La decisione finale fu quella di cedere l’Alfa Romeo alla Fiat, che acquisì tutte le azioni del Biscione per 1.500 miliardi di lire. La trattativa fu influenzata da diversi fattori, tra cui le pressioni politiche e sindacali, le relazioni diplomatiche tra Italia e Stati Uniti, le valutazioni tecniche e finanziarie delle due offerte. Molti osservatori ritengono che la scelta della Fiat sia stata dettata anche da una visione nazionalista e protezionista, che mirava a salvaguardare il primato dell’industria italiana e a evitare la perdita di identità e autonomia del marchio milanese. A distanza di oltre trent’anni, la vendita dell’Alfa Romeo alla Fiat è ancora oggetto di dibattito e di valutazioni contrastanti.
Alcuni ritengono che si sia trattato di un affare vantaggioso per entrambe le parti, che ha permesso alla Fiat di ampliare il suo portafoglio e all’Alfa Romeo di beneficiare delle sinergie e delle economie di scala del gruppo torinese. Altri sostengono invece che si sia consumato un errore irreparabile, che ha compromesso lo sviluppo e la competitività dell’automotive italiano, riducendo la varietà dell’offerta e la capacità innovativa del settore. Tra questi ultimi c’è il ministro Urso, che in un incontro pubblico ha dichiarato: “Il grande errore della politica delle auto è quando il presidente dell’Iri di allora decise di vendere l’Alfa Romeo alla Fiat e non di accogliere l’investimento della Ford. Proprio per questo oggi in Italia abbiamo un’unica casa automobilistica mentre gli altri Paesi, come Francia, Germania, Polonia, ne hanno tre, quattro o cinque”.
Urso ha aggiunto di sperare di poter dare buone notizie per quanto riguarda l’automotive italiano nella prossima settimana, sottolineando che il suo ministero sta lavorando per recuperare la latitanza e gli errori dei precedenti governi. La replica di Prodi non si è fatta attendere. L’ex premier, intervistato dal Corriere della Sera, ha difeso la sua scelta, affermando di aver agito nell’interesse nazionale e di aver respinto la Ford per evitare una “colonizzazione” del settore. Prodi ha ricordato che l’Alfa Romeo era in una situazione disastrosa e che la Fiat era l’unica realtà in grado di garantire la continuità produttiva e occupazionale. Ha inoltre smentito di aver subito pressioni politiche, sostenendo di aver agito in autonomia e di aver ricevuto il consenso unanime del consiglio di amministrazione dell’Iri. Infine, ha ribadito il suo amore per il Biscione, ricordando di aver posseduto diverse Alfa Romeo nella sua vita.
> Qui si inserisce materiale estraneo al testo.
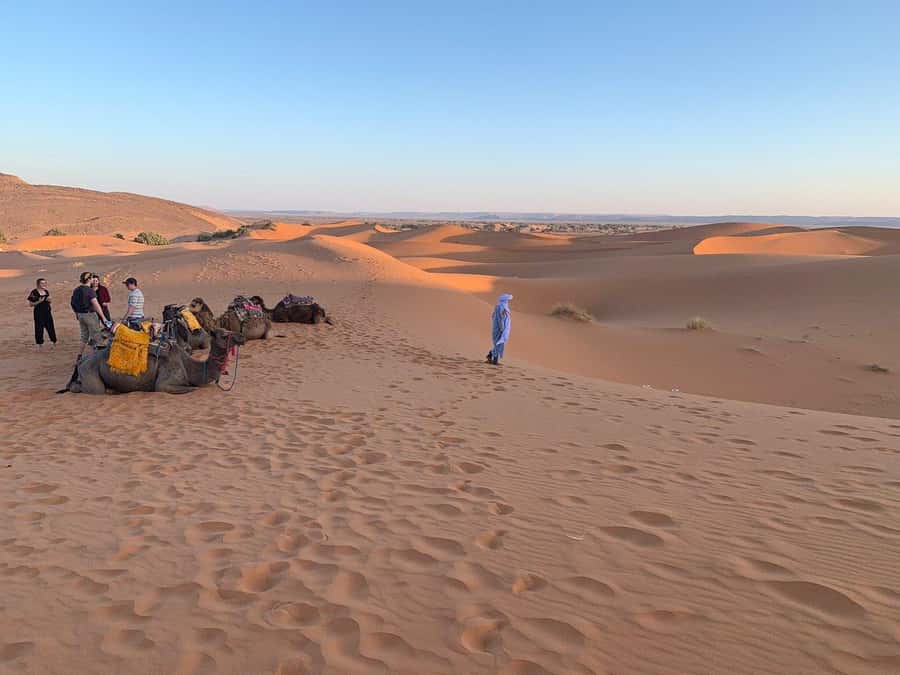 From Agadir: Jeep Desert Safari with Lunch and Camel Ride - The 4x4, group size, and comfort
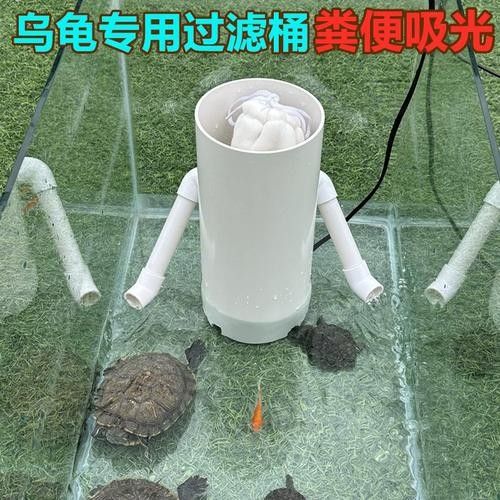 斑馬魚和龍魚混養(yǎng)需要哪些設(shè)備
La vendita dell’Alfa Romeo alla Fiat resta quindi un episodio controverso e significativo nella storia dell’automotive italiano, che ha segnato una svolta nel destino del marchio milanese e nel panorama del settore. Un episodio che ancora oggi suscita polemiche e confronti, tra chi lo considera un errore storico e chi lo difende come una scelta razionale e patriottica.